## EXERCISE DIRECTIONS
What you return must be the data below, word for word, without any images.
··· STORED DATA
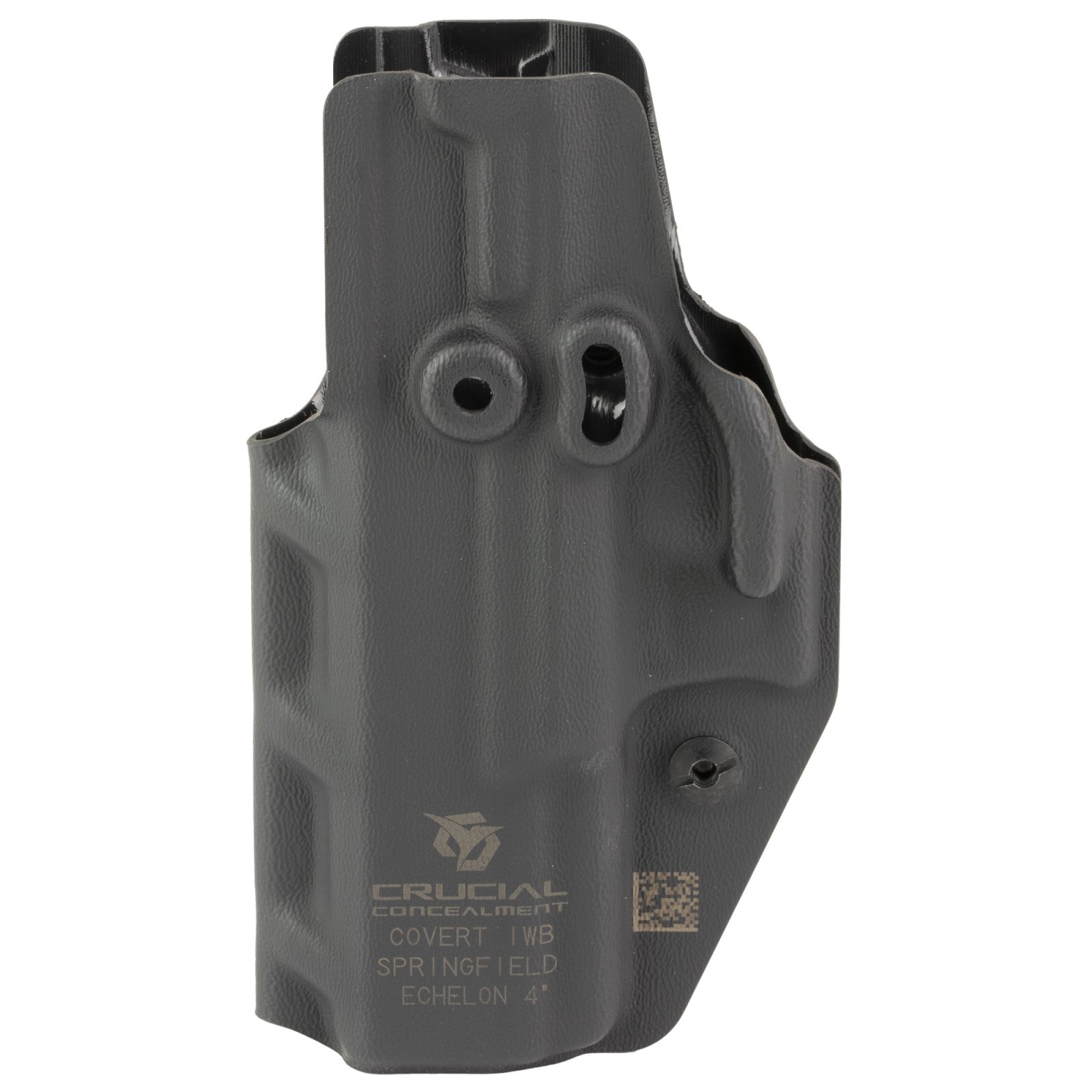 Crucial Concealment Covert IWB Holster Ambidextrous Kydex Black Fits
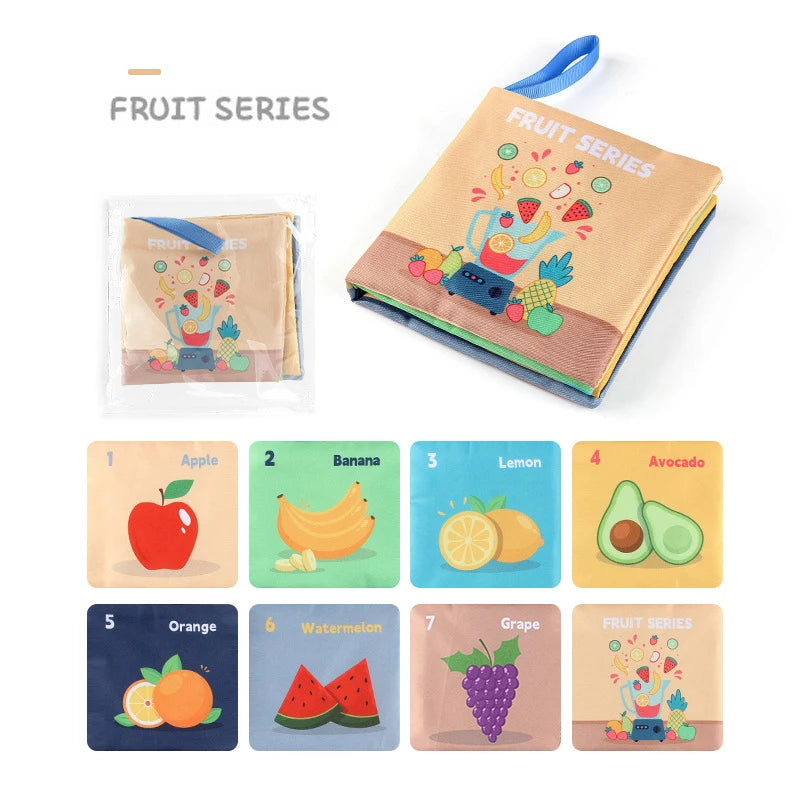 Libros Blandos Montessori para Bebés – 3D Táctil y de Alto Contraste, Juguetes Educativos Sensoriales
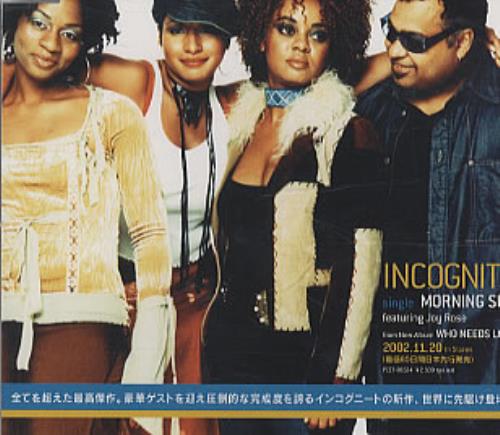 Incognito Morning Sun CD single (CD5 / 5") Japanese ICGC5MO317911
······
## COMPLETED TASK
 Crucial Concealment Covert IWB Holster Ambidextrous Kydex Black Fits
 Libros Blandos Montessori para Bebés – 3D Táctil y de Alto Contraste, Juguetes Educativos Sensoriales
 Incognito Morning Sun CD single (CD5 / 5") Japanese ICGC5MO317911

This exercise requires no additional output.